▶ _Exercise prompt_: A stretch of the entries below is to be set down exactly, running from the line with "This contains any" through the line with "The Change Explorer", both included, and no other line.

▶ _Source material_:
------------------------------------

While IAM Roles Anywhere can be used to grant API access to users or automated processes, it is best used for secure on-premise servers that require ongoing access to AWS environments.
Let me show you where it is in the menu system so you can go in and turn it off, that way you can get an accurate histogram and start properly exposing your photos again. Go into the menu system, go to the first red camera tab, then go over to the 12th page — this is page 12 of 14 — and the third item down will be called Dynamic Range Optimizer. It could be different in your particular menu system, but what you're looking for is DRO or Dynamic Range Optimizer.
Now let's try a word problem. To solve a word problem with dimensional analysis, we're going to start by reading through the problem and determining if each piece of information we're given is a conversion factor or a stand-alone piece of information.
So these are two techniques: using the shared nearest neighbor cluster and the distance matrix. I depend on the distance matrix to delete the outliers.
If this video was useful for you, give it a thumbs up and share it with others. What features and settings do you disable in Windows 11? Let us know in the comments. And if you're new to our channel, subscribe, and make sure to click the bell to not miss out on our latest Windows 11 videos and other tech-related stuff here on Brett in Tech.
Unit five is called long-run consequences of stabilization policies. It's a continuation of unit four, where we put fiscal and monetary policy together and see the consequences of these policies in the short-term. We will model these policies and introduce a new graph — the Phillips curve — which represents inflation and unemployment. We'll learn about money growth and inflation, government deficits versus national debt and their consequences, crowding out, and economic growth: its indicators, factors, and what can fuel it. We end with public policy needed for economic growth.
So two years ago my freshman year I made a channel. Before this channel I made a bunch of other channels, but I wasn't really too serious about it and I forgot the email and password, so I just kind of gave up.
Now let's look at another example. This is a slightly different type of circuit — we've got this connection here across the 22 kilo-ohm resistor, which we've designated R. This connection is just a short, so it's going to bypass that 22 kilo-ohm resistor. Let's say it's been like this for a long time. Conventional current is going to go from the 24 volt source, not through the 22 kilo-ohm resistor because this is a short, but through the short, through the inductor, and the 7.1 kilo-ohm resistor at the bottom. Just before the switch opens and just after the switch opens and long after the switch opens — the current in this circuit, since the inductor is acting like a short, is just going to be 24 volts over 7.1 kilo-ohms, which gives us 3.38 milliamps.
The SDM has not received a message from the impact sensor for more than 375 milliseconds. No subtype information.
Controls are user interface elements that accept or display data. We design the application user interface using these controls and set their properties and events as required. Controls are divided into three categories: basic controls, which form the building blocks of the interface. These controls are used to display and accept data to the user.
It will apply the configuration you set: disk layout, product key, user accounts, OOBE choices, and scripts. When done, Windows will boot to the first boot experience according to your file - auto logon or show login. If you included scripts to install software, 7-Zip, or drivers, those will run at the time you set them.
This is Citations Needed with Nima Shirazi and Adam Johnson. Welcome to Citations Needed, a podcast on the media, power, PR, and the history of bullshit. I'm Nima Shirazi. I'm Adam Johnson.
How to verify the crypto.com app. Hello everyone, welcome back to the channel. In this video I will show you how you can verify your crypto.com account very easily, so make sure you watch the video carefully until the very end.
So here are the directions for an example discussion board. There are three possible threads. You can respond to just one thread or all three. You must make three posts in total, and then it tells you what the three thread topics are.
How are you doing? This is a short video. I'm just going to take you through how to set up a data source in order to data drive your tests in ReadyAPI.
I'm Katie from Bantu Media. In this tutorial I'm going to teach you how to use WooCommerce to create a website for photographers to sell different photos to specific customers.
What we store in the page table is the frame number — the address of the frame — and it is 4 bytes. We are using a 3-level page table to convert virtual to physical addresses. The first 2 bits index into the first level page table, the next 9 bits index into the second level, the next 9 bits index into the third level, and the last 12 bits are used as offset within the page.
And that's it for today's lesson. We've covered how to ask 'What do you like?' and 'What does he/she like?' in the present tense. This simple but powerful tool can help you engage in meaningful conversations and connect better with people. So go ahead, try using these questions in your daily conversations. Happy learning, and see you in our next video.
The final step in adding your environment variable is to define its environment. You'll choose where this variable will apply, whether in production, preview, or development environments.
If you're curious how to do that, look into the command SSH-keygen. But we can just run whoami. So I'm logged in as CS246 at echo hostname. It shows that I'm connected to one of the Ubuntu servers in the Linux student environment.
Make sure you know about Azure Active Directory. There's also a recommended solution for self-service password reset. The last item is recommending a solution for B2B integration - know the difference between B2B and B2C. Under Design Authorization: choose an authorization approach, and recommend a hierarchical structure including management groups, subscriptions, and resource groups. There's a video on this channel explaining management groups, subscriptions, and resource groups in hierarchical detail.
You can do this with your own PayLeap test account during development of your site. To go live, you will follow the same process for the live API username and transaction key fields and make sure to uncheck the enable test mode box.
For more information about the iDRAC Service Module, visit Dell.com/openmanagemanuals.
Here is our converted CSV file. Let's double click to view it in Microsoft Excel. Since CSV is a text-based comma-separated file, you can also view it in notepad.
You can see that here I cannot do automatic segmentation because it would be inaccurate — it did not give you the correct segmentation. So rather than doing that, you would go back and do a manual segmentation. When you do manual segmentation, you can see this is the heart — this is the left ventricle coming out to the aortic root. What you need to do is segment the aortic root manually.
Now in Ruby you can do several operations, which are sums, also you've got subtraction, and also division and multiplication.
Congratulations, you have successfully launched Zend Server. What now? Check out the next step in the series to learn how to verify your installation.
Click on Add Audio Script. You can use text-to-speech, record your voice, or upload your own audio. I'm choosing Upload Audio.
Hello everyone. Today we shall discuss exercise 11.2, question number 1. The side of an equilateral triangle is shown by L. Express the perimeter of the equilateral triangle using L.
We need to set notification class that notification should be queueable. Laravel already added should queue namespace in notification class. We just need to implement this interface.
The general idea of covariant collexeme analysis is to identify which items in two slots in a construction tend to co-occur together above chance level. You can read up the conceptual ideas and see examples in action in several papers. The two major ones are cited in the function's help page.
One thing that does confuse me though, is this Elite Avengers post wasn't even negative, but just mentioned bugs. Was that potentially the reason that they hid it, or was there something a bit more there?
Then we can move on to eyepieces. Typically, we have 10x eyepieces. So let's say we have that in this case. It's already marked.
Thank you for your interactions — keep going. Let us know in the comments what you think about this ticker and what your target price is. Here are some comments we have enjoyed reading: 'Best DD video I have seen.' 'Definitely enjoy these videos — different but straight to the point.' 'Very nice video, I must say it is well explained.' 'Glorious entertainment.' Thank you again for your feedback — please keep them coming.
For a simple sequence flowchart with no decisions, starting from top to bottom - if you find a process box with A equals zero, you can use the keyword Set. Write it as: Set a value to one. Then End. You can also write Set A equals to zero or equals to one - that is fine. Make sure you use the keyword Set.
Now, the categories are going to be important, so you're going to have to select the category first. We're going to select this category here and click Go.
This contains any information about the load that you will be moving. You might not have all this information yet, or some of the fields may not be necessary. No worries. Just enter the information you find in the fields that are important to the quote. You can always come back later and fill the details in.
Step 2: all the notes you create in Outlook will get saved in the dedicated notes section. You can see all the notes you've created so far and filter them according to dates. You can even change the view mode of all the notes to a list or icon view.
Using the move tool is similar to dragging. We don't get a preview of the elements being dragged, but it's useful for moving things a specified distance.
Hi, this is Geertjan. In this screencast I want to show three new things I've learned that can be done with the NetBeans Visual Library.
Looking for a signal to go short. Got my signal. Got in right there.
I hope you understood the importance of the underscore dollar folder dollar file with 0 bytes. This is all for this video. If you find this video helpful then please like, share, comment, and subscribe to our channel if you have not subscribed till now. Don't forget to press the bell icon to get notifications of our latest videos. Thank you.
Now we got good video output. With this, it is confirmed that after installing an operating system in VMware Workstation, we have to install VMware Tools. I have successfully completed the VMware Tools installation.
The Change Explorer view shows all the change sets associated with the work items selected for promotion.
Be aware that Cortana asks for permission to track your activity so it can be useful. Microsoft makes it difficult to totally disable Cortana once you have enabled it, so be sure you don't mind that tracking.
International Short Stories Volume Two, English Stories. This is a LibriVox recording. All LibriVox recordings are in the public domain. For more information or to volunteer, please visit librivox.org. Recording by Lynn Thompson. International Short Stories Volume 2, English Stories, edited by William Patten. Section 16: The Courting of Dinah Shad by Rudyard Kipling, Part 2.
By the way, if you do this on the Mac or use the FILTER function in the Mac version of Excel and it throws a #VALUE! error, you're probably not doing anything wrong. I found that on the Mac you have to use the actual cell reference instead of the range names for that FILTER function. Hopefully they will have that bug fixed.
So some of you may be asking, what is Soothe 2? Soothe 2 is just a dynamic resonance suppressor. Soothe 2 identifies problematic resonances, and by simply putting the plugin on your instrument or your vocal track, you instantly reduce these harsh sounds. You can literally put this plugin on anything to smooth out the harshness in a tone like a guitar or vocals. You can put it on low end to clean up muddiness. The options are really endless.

------------------------------------

▶ _Task solution_:
This contains any information about the load that you will be moving. You might not have all this information yet, or some of the fields may not be necessary. No worries. Just enter the information you find in the fields that are important to the quote. You can always come back later and fill the details in.
Step 2: all the notes you create in Outlook will get saved in the dedicated notes section. You can see all the notes you've created so far and filter them according to dates. You can even change the view mode of all the notes to a list or icon view.
Using the move tool is similar to dragging. We don't get a preview of the elements being dragged, but it's useful for moving things a specified distance.
Hi, this is Geertjan. In this screencast I want to show three new things I've learned that can be done with the NetBeans Visual Library.
Looking for a signal to go short. Got my signal. Got in right there.
I hope you understood the importance of the underscore dollar folder dollar file with 0 bytes. This is all for this video. If you find this video helpful then please like, share, comment, and subscribe to our channel if you have not subscribed till now. Don't forget to press the bell icon to get notifications of our latest videos. Thank you.
Now we got good video output. With this, it is confirmed that after installing an operating system in VMware Workstation, we have to install VMware Tools. I have successfully completed the VMware Tools installation.
The Change Explorer view shows all the change sets associated with the work items selected for promotion.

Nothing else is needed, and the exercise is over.